Ela riu nervosamente:
- Que monstrinha eu criei.
Eu saí da mesa e a abracei com carinho. Sem largá-la, eu disse:
- Você é tudo que eu tenho, Léia.
- Querida, há coisas que eu não posso contar.
- Por quê? Algum dia acha que eu descobrirei sozinha?
- Nenhum segredo é tão bem guardado a ponto de nunca ser descoberto, principalmente dentro dos muros de Avalon.
Eu olhei nos olhos dela e perguntei:
- Por onde devo começar?
- Pelo que o seu coração indica.
Eu sorri. Ela saiu. Claro que eu ficava triste e brava por ela não me contar tudo, mas também entendia o lado dela. Léia não deixava de ser tão prisioneira quanto eu naquele lugar. E ela era a pessoa de confiança do meu pai, o temido rei Stepjan. Então certamente ela tinha medo.
Mas o segredo sobre minha mãe havia sim. Isso ela não negou. Hora de descobrir o que mais aquelas paredes de pedra guardavam, além de um diário que provava que havia um túnel a vida inteira dentro do castelo e que minha tia Emy Beaumont provavelmente estava viva.
Durante a semana tentei conversar com meu pai por duas vezes e não fui recebida. Sempre acho que se eu fosse da corte eu teria mais acesso a ele do que sendo sua filha. Decidi recorrer à Beatrice.
Encontrei-a na biblioteca na quinta-feira, sozinha, lendo alguns livros sobre a história de Avalon. Sentei-me na frente dela, atraindo sua atenção:
- Alteza, o que deseja?
- Eu não gosto de fazer rodeios, por isso vou direto ao ponto.
Ela arqueou as sobrancelhas, curiosa.
- Eu gostaria que você não participasse do almoço de domingo em família.
- Por que seria?
Porque você não é da minha família... Isso foi o que veio a minha mente. No entanto eu disse delicadamente:
- Eu... Gostaria de ficar algum tempo a sós com meu pai. E ele não me atende a não ser neste dia.

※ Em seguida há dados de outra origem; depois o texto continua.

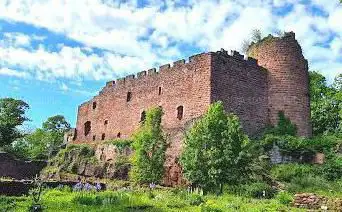 Photo de Château de Lutzelbourg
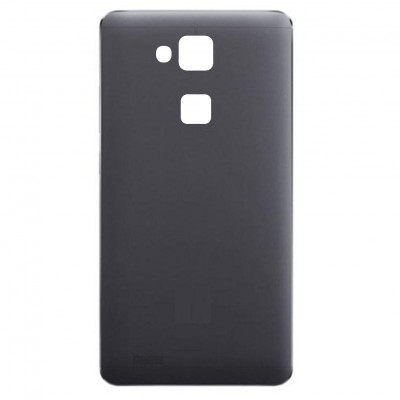 Back Panel Cover For Huawei Ascend Mate7 Monarch Black - Maxbhi Com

- Isso não é um atendimento, Alteza... É um almoço em família.
- Meu pai não sabe o que é isso, Beatrice. Ele me atende enquanto filha neste momento da semana, se é que me entende.
- Eu poderia fazer-lhe mil questionamentos, mas simplesmente vou arranjar uma desculpa para deixá-la sozinha com seu pai, conforme o seu desejo.
Olhei-a confusa:
- Como assim? Não vai pedir nada em troca?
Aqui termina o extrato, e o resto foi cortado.